I have reached the above conclusion based on the fact that if both parties are not compromising by agreeing on neutral position to resolve the matter amicably but continue maintaining their extreme positions as we are seeing currently, they may end up in direct confrontation on battle field to resolve it.
To make the matters worse, the IGAD and AU may not able to intervene directly as both sides of the divides are backed by a good number of citizens and the citizens may not be able to accept the position taken by both the IGAD and AU. Because of this, the issue of the number and boundaries has become a very serious threat to the Peace Agreement which requires us to put the simple question thus, what should be done if both parties cannot compromise or IGAD or AU cannot find a favorable to both parties in resolving the matter amicably?
In the previous article that I wrote some weeks back on the same matter, I tried to explain the steps to be followed in resolving the issue of 32 States and their boundaries. As the Agreement itself provides, the best way to resolve this issue is through well-prepared referendum that will enable all the citizens to have meaningful participation. In that article, I have stated that in resolving the dispute over the 32 States the following steps should be followed—
The first step is the formation of the Technical Boundaries Commission-TBC which would have to determine the true boundaries of 1.1.1956, which were violated in the process of the creation of 32 States. This means that in doing that, the TBC must restrict itself to addressing those boundaries by specifying the tribal boundaries of 1.1.1956 that were violated by the 32 States.

The Agreement makes it clear that the TBC should not interfere with the states without any dispute over boundaries. This is important because it tries to isolate the issues by dealing with the issue of land before the referendum so that the citizens should not end up opposing referendum as it will be seen validating their grabbed through the creation of 32 States.

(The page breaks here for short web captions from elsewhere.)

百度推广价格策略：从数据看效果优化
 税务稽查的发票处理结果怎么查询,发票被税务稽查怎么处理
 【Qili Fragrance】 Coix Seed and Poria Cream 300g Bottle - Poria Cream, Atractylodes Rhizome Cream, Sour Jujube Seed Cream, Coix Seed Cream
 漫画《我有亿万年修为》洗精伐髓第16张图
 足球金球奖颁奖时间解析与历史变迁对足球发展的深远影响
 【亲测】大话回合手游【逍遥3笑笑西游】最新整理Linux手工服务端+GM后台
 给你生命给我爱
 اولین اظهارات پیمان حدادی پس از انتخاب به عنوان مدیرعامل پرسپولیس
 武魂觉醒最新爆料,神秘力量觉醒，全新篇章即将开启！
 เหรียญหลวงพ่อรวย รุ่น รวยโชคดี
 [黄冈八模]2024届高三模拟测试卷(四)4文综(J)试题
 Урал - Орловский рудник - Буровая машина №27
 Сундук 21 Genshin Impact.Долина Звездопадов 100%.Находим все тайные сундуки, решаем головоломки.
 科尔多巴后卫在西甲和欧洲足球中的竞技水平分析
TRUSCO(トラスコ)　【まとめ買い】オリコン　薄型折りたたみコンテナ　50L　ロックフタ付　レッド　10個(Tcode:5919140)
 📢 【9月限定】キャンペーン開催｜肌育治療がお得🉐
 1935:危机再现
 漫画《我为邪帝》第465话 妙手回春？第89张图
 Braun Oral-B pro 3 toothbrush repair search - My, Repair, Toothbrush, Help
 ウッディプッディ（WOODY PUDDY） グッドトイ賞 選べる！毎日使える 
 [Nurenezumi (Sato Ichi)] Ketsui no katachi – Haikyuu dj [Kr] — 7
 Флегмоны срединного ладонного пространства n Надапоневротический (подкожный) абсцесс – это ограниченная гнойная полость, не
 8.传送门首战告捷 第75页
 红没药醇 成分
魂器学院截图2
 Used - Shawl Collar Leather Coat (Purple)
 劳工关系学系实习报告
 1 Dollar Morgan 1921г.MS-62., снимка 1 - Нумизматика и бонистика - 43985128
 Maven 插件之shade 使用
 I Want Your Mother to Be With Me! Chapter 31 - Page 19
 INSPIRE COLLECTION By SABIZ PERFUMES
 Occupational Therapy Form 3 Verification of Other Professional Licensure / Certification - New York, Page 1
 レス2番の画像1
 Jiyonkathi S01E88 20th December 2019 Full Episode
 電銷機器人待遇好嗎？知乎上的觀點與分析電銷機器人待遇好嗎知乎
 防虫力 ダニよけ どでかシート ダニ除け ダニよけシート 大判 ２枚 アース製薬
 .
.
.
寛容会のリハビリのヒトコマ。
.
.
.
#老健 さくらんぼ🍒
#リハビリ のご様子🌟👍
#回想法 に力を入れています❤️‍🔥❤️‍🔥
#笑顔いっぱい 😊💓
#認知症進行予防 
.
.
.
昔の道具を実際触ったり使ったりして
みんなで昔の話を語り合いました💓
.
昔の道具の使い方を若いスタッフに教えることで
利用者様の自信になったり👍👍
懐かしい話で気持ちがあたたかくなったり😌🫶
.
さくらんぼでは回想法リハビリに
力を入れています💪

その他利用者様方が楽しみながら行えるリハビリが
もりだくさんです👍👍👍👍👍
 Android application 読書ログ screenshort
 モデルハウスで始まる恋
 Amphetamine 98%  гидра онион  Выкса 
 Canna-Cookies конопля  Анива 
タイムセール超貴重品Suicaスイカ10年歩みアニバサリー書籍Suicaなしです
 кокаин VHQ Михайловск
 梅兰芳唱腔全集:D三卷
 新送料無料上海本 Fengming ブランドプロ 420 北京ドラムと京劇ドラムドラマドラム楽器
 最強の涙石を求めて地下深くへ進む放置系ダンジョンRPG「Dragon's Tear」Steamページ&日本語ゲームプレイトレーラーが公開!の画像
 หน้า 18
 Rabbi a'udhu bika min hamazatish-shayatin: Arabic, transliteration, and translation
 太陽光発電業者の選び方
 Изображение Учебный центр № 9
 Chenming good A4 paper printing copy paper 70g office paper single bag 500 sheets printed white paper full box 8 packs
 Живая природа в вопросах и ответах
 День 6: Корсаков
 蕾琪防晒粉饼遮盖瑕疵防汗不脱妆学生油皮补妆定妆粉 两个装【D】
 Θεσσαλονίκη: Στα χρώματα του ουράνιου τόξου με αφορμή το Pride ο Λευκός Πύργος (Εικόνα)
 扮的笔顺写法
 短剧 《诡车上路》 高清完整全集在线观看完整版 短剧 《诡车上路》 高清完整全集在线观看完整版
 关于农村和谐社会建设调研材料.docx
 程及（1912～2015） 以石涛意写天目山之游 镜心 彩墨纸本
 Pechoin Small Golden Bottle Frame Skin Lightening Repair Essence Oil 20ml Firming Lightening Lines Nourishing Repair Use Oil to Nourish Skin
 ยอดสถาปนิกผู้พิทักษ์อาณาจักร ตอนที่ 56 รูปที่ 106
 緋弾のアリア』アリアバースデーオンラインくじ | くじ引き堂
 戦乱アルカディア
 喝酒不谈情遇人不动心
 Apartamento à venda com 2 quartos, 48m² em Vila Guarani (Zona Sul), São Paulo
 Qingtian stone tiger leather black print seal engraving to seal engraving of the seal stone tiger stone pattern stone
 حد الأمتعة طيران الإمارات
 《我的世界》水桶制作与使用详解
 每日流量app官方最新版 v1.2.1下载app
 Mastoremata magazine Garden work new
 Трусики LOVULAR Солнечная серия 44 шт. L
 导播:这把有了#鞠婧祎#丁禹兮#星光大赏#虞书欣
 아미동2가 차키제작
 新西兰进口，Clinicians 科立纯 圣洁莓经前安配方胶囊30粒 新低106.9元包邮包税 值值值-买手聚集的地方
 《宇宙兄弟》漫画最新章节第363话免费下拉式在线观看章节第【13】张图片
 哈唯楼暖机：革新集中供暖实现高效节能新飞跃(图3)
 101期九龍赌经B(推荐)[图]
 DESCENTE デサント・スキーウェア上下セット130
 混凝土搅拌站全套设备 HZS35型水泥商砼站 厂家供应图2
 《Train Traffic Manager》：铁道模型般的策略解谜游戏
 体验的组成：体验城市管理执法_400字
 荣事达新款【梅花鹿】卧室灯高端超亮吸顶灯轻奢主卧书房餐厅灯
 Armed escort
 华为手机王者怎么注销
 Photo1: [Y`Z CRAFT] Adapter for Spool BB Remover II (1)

In addition, the referendum cannot go on freely unless the issue of the boundaries under dispute is determined. This will ensure that that all 32 States are free from the dispute as the referendum cannot go on if there are disputes over the land or boundaries of the states.

The second step is that the TBC shall present its report to the Independent Boundaries Commission—the IBC and upon the reception of the report, the IBC would begin its work by determining the number and boundaries of the States appropriate for the Republic of South Sudan. The decision of the IBC in voting shall take into account: the population size and social cohesion, geographic size, and economic viability.

In case the IBC fails to reach the agreement over the number and boundaries of States, then the third step is the transformation of the IBC into the referendum commission.

The Agreement provides that if the IBC fails to reach the conclusion within 90 days then on 90th Day it shall transform itself into the Referendum commission on the number and boundaries of 32 States. The referendum is supposed to be conducted within the Pre-transitional Period but the Agreement does not anticipate the question that what if the referendum commission fails to conduct referendum with the time as provided in the Agreement? This question is the centre of our current conflict but it can be resolved if we can analyze the provisions of the Agreement itself which takes us to the third step.

The third step is for the parties to renegotiate the period within which to conduct the referendum which appropriately should be after the implementation of other parts of the Agreement. This is because all citizens must participate which means that peace must prevail if all citizens are to come back to the country and participate. The Referendum Commission can lead the way on what should be done as the Agreement gives it powers to do anything that is incidental to the success of the referendum.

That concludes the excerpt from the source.